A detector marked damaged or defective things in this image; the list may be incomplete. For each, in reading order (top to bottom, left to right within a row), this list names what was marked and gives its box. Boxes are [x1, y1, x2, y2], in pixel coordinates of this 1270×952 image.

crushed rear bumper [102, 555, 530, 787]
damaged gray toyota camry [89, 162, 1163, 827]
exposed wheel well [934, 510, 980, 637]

==

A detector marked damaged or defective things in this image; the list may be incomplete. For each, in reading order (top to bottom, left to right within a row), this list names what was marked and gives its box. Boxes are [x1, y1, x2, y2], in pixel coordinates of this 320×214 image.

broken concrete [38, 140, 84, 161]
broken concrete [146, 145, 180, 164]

...

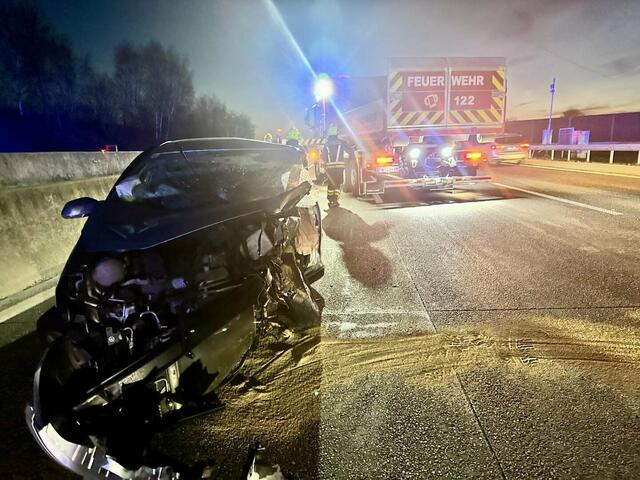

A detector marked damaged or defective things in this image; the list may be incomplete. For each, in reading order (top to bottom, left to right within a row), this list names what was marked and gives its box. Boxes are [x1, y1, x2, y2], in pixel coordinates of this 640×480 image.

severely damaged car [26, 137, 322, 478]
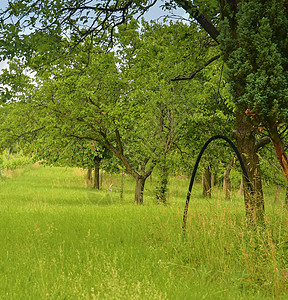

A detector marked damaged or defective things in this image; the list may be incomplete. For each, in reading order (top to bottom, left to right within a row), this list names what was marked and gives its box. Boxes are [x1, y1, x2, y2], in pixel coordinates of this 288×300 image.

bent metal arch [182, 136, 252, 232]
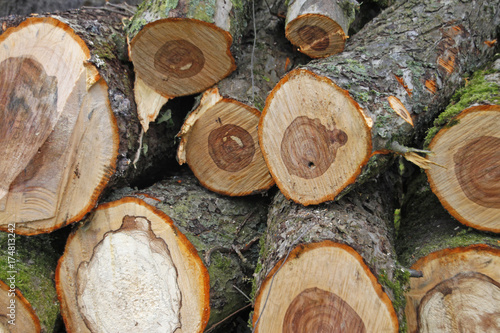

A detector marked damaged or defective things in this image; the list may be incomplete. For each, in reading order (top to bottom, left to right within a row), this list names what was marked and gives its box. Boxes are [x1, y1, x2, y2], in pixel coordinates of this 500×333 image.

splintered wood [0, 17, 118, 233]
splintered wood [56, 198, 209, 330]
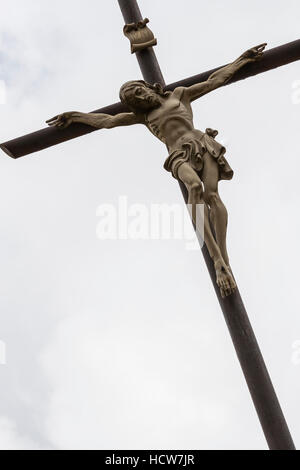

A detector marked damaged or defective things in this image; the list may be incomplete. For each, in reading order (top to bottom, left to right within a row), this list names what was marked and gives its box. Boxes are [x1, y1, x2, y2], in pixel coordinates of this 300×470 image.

What to do —
Starting at the line containing "this 640×480 image." and stopping at the line containing "this 300×470 image.", output every line above exactly, both ends included, with pictures omitted.

Output of the exercise —
A detector marked damaged or defective things in this image; the list may be incomplete. For each, in reading order (top to bottom, left to right within a row), this list names what was marked and gives its box. Boxes are [x1, y1, x2, y2], in pixel coordinates of this 640×480 image.

severely damaged car [26, 137, 322, 478]

A detector marked damaged or defective things in this image; the list may be incomplete. For each, in reading order (top to bottom, left to right within a row), this list names what was marked and gives its box. Boxes are [x1, y1, x2, y2], in pixel coordinates of this 288×300 image.

bent metal arch [182, 136, 252, 232]

A detector marked damaged or defective things in this image; the list may be incomplete. For each, in reading order (top to bottom, left to right within a row), this list names what was marked and gives its box. Boxes are [x1, y1, x2, y2], in pixel coordinates of this 500×333 image.

splintered wood [0, 17, 118, 233]
splintered wood [56, 198, 209, 330]

A detector marked damaged or defective things in this image; the list may be incomplete. For each, in reading order (top to bottom, left to right within a row), this list names what was marked and gives its box. Boxes are [x1, y1, x2, y2], in pixel coordinates of this 300×470 image.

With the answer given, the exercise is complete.